> [TASK GOAL] No pictures, please. Copy exactly the lines from the one with "Misc Items Group, travel" through the final line below.

> [MATERIAL PROVIDED]

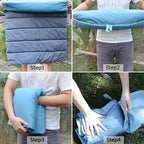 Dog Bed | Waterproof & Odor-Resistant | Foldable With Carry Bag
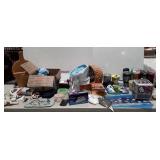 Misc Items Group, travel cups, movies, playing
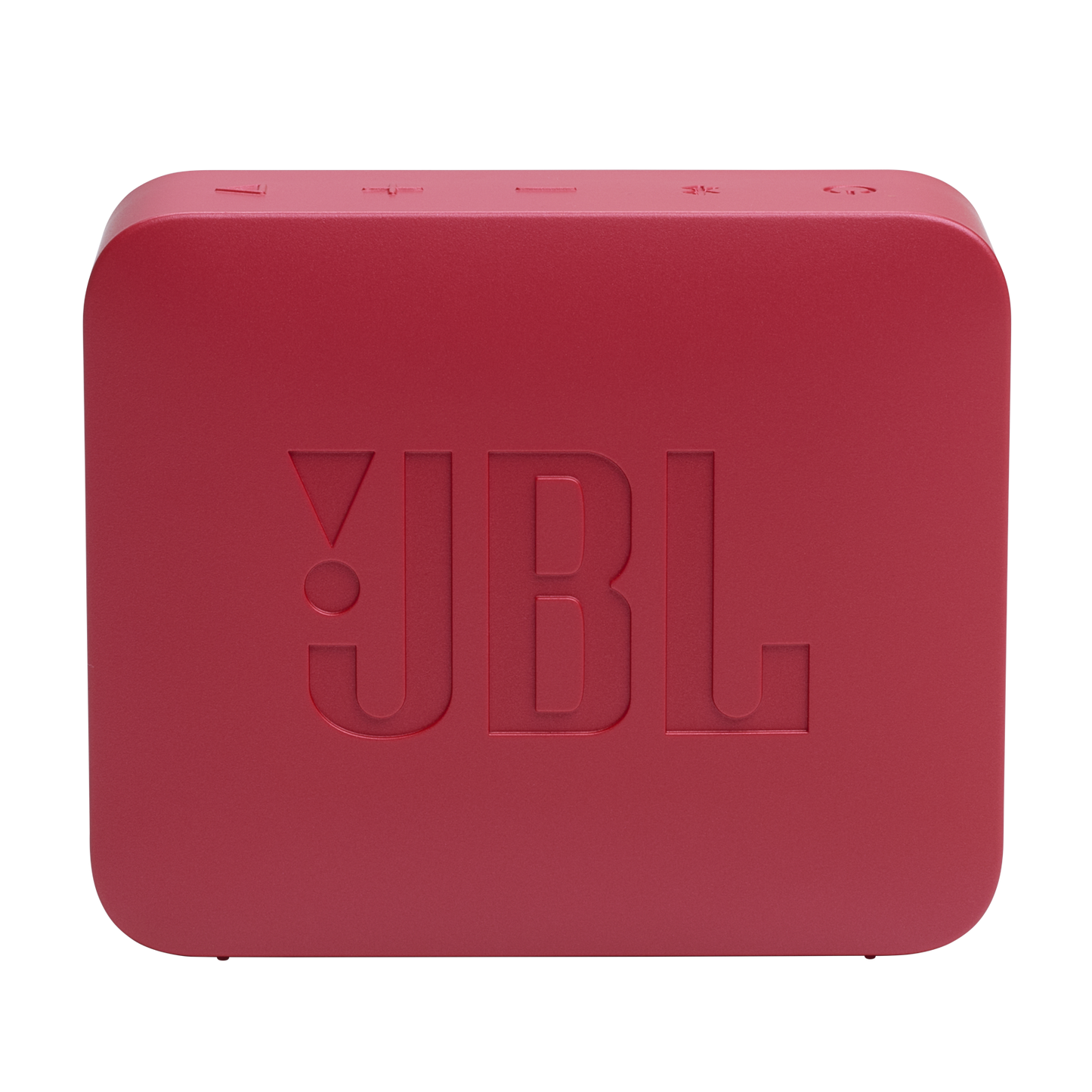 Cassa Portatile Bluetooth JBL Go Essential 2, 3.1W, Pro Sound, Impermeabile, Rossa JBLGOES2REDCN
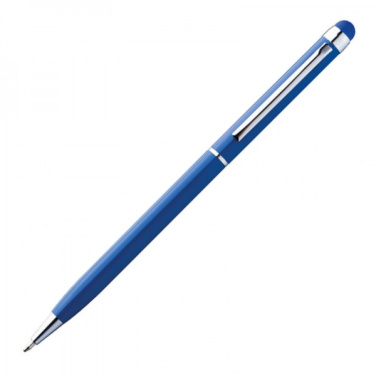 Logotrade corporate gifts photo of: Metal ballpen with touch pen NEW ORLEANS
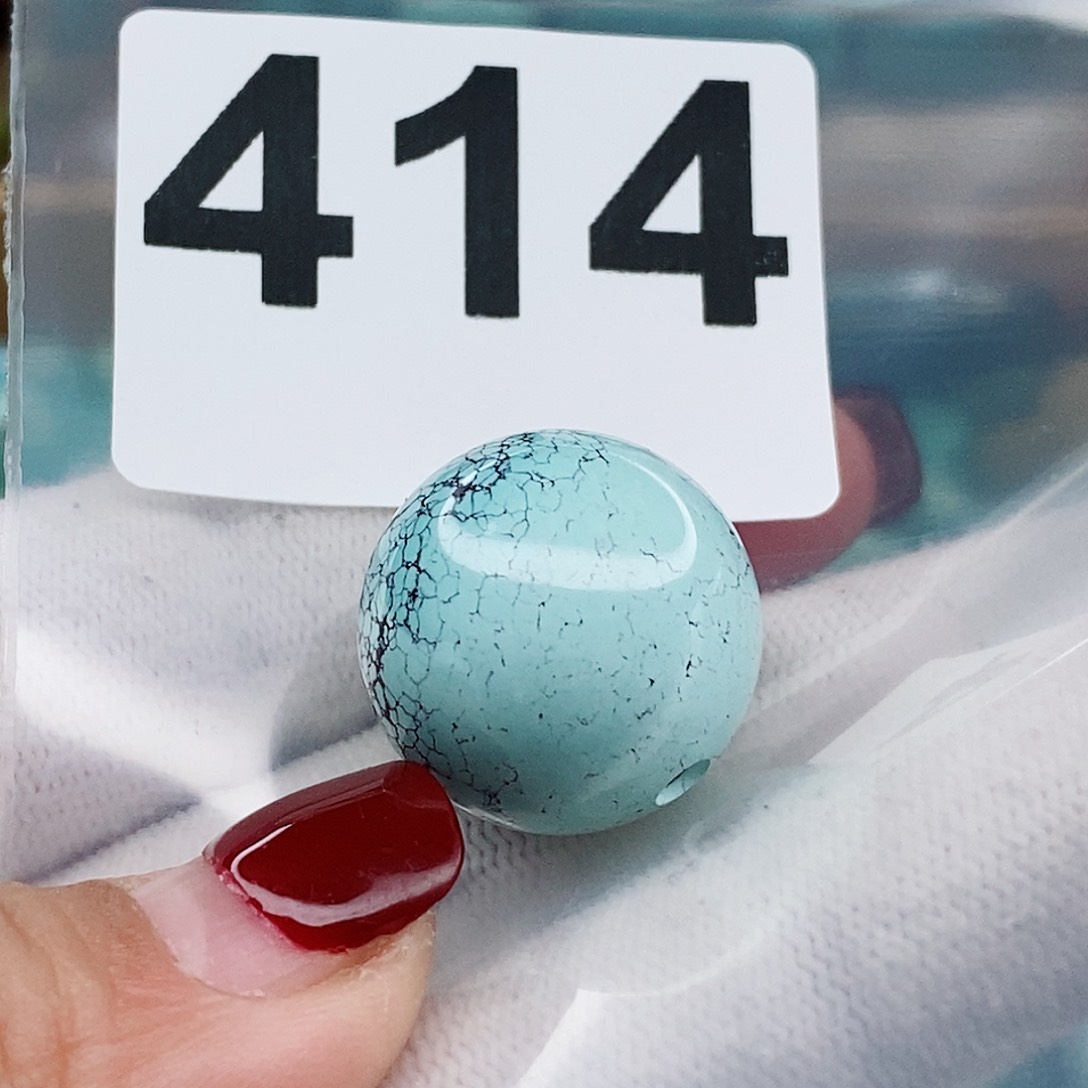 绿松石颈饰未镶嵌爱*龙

> [EXERCISE RESULT]
 Misc Items Group, travel cups, movies, playing
 Cassa Portatile Bluetooth JBL Go Essential 2, 3.1W, Pro Sound, Impermeabile, Rossa JBLGOES2REDCN
 Logotrade corporate gifts photo of: Metal ballpen with touch pen NEW ORLEANS
 绿松石颈饰未镶嵌爱*龙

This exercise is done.